George Grey Barnard (1863-1938)
Gift of Robert and Alma Watchorn
American sculptor George Grey Barnard was born in Pennsylvania in 1863 as the fires of the Civil War were burning brightly. As a young man in Chicago, Barnard studied at the Academy of Design under the tutelage of Leonard and Douglas Volk. In 1886, he moved to Paris to continue his studies. He lived the life of a “starving artist” until he was discovered by American millionaire and patron of the arts Albert Corning Clark. Commissions and an annual stipend soon followed. In 1896, he completed his monumental work “The Great God Pan”, the largest one piece bronze in America, located at Columbia University. He received a large commission to create an intricate group of life sized statues that would flank the entrance of the Pennsylvania State Capitol in Harrisburg.

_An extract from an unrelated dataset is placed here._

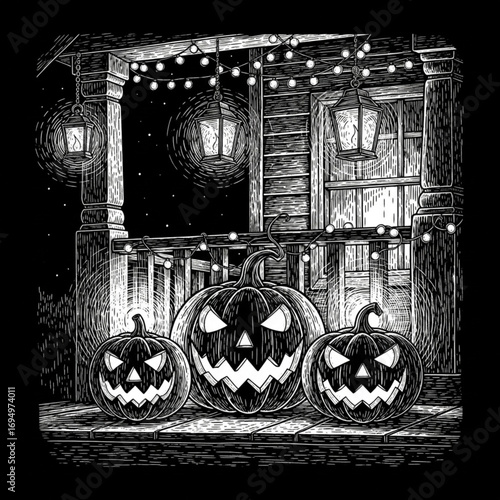 Carved Jack-o-Lantern Pumpkins Glowing on Decorated Porch - Engraving Style AI Raster Illustration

After years of delay and controversy, including the forced emasculation of some of the naked male figures, the work was finally unveiled in 1911.
That same year, he received a commission from Charles Taft, half-brother of the president, to create a Lincoln statue for the city of Cincinnati. The sculptor studied virtually every known photograph and illustration of Lincoln before undertaking the sculpture. He examined other Lincoln statuary and Leonard Volk’s life-mask of Lincoln. He created “mock-ups” in order to study Lincoln’s image from every angle. As part of that process, Barnard sculpted several larger than life busts from Carrera marble. One was purchased by Lincolnophile Robert Watchorn in 1921. “If a Lincoln statue turns the greatest aristocrat or the most ragged lost soul away, the statue is unworthy,” Barnard declared. “A Lincoln statue should be so conceived that no man or woman could stand before it without feeling, here is one who understands.”
When Barnard’s Cincinnati Lincoln was unveiled in 1917, it sparked a major controversy. Unlike his busts, the statue was derided for over-emphasizing Lincoln’s roughhewn common appearance. It was described as “horrible”, “grotesque” and even “defamatory”. Among the most vocal was Robert Todd Lincoln, who lobbied successfully to prevent a replica of the statue from being erected in London.
In the later years of his life, Barnard supplemented his diminishing art commissions by serving as an art dealer and collector specializing in medieval European art. His holdings would form the basis of the Metropolitan Museum of Art’s Cloisters Collection. Barnard died in 1938 in New York City at age 75. He was unable to complete what he hoped would be his masterpiece, a 100 foot high, 60 foot wide “Rainbow Arch” dedicated to peace featuring dozens of life sized figures.